I wouldn’t mind paying for a gym membership, either. The local gym only costs twenty bucks a month. I could swing in on my way home. That way I could even wait until I get home to shower. (You wouldn’t really think I would shower in a public place, would you?) I would have to take my dinner to work twice a week but that wouldn’t bother me. I wouldn’t want to bother heading out on the weekend but I suppose I could justify the trip; I think my health is worth it.
I just have to wait until after the holidays to spend money on either option. I would hate to feel like I’m getting involved with fitness as a New Year’s resolution. I don’t do those. But I have to think practically. In the meantime I suppose I’ll just have to keep looking for those sweatpants.
Knowing full well that I was putting off exercise for a little bit longer, I cracked open my last beer on hand to go with dinner. I would have otherwise waited until later this evening to probably have it with my bedtime snack. I was cutting down on alcohol for a while but damn it, if I have a twelve pack on hand it doesn’t last long. The fact that I’m not consistent in my drinking habits is probably not that good for me, either. Then again, I’m not so sure about these bedtime snacks. I get hungry so I need something but I probably could have something a little more healthful.
Otherwise I’ve been pretty efficient with my habits since I came home, in terms of meal preparation for both dinner tonight and lunch tomorrow, as well as cleaning up afterwards. I was thinking that I might go in to work early tomorrow so I don’t know if I’m going to replace jogging with guitar practice early or not. I don’t have much luck with falling asleep on time, let alone if I go to bed early.
But I’m already in bed now. I think I’ll stay here and try to flesh out this screenplay idea that I’ve had for a while.
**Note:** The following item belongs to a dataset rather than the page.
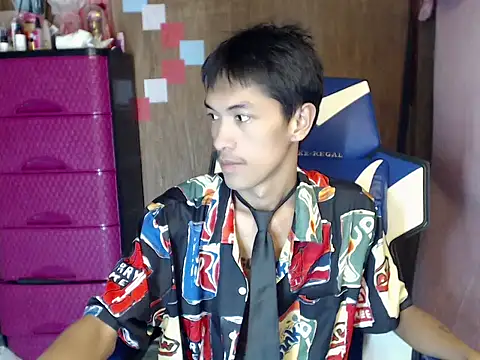 riks_tyler Pertunjukan Webcam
I don’t want to give too much away yet other than its a zombie film. However, it’s not the normal type of zombie film. The idea I have would be a pretty significant twist, and as such can act as an allegory for aspects of modern life. Then again, it’s all in the early stages. Knowing me, I’ll change several aspects significantly next week. That’s okay. I still don’t have the proper screenwriting software yet.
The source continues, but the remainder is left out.